The Massacre at Huế (Thảm sát tại Huế Tết Mậu Thân) is the name given to describe the summary executions and mass killings conducted by the Viet Cong and North Vietnam during their capture, occupation and later withdrawal from the city of Huế during the Tet Offensive, considered one of the longest and bloodiest battles of the Vietnam War.
Estimates vary on the number executed, with a low of 200 to a high of several thousand. During the months and years that followed the battle, dozens of mass graves were discovered in and around Huế containing 2,800 to 6,000 civilians and prisoners of war. In some of the graves victims were found bound together. Some appeared tortured; others were apparently buried alive.
A number of U.S. and South Vietnamese authorities as well a number of journalists who investigated the events took the discoveries, along with other evidence, as proof that a large-scale atrocity had been carried out in and around Huế during its four-week occupation. Some of these same sources also contended these killings were premeditated, and part of a large-scale purge of a whole social stratum. Those in opposition to the war alleged that the numbers and circumstances of the casualties were exaggerated or fabricated for war propaganda reasons.

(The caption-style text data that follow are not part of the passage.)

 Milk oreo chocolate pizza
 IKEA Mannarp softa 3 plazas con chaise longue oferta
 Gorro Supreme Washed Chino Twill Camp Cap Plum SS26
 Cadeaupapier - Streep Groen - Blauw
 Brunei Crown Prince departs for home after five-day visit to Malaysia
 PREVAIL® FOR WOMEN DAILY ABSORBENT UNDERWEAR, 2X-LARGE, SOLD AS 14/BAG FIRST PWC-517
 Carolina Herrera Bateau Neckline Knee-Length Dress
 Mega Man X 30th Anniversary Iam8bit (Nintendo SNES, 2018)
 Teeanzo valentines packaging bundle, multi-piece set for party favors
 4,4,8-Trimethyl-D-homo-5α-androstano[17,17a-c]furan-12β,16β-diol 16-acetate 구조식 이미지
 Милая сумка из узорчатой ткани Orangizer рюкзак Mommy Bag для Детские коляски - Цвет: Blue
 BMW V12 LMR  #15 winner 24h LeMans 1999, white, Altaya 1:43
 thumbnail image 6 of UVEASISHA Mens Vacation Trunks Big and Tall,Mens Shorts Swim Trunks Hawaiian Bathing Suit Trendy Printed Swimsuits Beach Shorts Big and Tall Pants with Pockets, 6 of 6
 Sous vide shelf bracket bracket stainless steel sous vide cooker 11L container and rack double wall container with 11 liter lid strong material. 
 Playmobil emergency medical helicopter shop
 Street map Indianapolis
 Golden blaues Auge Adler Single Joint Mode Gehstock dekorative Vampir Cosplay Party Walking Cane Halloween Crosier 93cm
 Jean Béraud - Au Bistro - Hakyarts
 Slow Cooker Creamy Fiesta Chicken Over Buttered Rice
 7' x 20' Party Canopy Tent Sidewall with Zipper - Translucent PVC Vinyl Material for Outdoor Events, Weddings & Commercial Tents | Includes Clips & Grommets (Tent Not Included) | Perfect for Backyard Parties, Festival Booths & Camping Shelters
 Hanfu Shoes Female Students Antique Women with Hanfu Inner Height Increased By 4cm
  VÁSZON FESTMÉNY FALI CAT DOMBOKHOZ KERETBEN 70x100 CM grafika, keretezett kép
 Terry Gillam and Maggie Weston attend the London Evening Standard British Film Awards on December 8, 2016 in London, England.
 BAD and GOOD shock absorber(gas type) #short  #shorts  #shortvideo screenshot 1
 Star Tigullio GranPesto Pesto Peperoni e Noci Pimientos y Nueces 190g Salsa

The Viet Cong, or VC, set up provisional authorities shortly after capturing Huế, and was charged with removing the existing government administration from power within the city and replacing it with a "revolutionary administration." Working from lists of "cruel tyrants and reactionary elements" previously developed by VC intelligence officers, many people were to be rounded up following the initial hours of the attack. These included Army of the Republic of Vietnam (ARVN) soldiers, civil servants, political party members, local religious leaders, American civilians and other foreigners. These individuals, according to VC documents captured during and after the siege, were to be taken out of the city and held and punished for their “crimes against the Vietnamese people”. The disposition of those who were previously in control of the city was carefully laid out, and the lists were detailed and extensive. Those in the Saigon-based-state police apparatus at all levels were to be rounded up and held outside the city. High civilian and military officials were also removed from the city, both to await study of their individual cases. Ordinary civil servants working for "the Saigon enemy" out of necessity, but did not oppose the revolution, were destined for reeducation and later employment. Low-level civil servants who had at some point been involved in paramilitary activities were to be held for reeducation, but not employed. There are documented cases of individuals who were executed by the VC when they tried to hide or otherwise resisted during the early stages of Huế's occupation.
Within days of the capture, US Marine Corps (USMC) and US Army as well as ARVN infantry units were dispatched to counterattack and recaptured the city after weeks of fierce fighting, during which the city and its outlying areas were exposed to repeated shelling from US Navy ships off the coast and numerous bombing runs by U.S. aircraft. It was inferred that during the USMC and ARVN attack, North Vietnam's forces had rounded up those individuals whose names it had previously collected and had them executed or sent North for reeducation.
It was determined by piecing together bits of information from several sources that a large number of people had taken sanctuary from the battle in a local church. Several hundred of these people were ordered out to undergo indoctrination in the "liberated area," and told afterwards they would be allowed to return home. After marching the group south 9 kilometers, 20 of the people were separated, tried, found guilty, executed and buried. The others were taken across the river and turned over to a local Communist unit in an exchange that even included written receipts. Douglas Pike notes that while “It is probable that the Commissar intended that their prisoners should be re-educated and returned, but with the turnover, matters passed from his control.” Sometime within the following several weeks, the communists decided to kill the individuals under their control. After being informed of this by VC defectors, local authorities released a list of 428 names of people they claimed were identified from the bones found over a 100 yard area of the Da Mai creek bed.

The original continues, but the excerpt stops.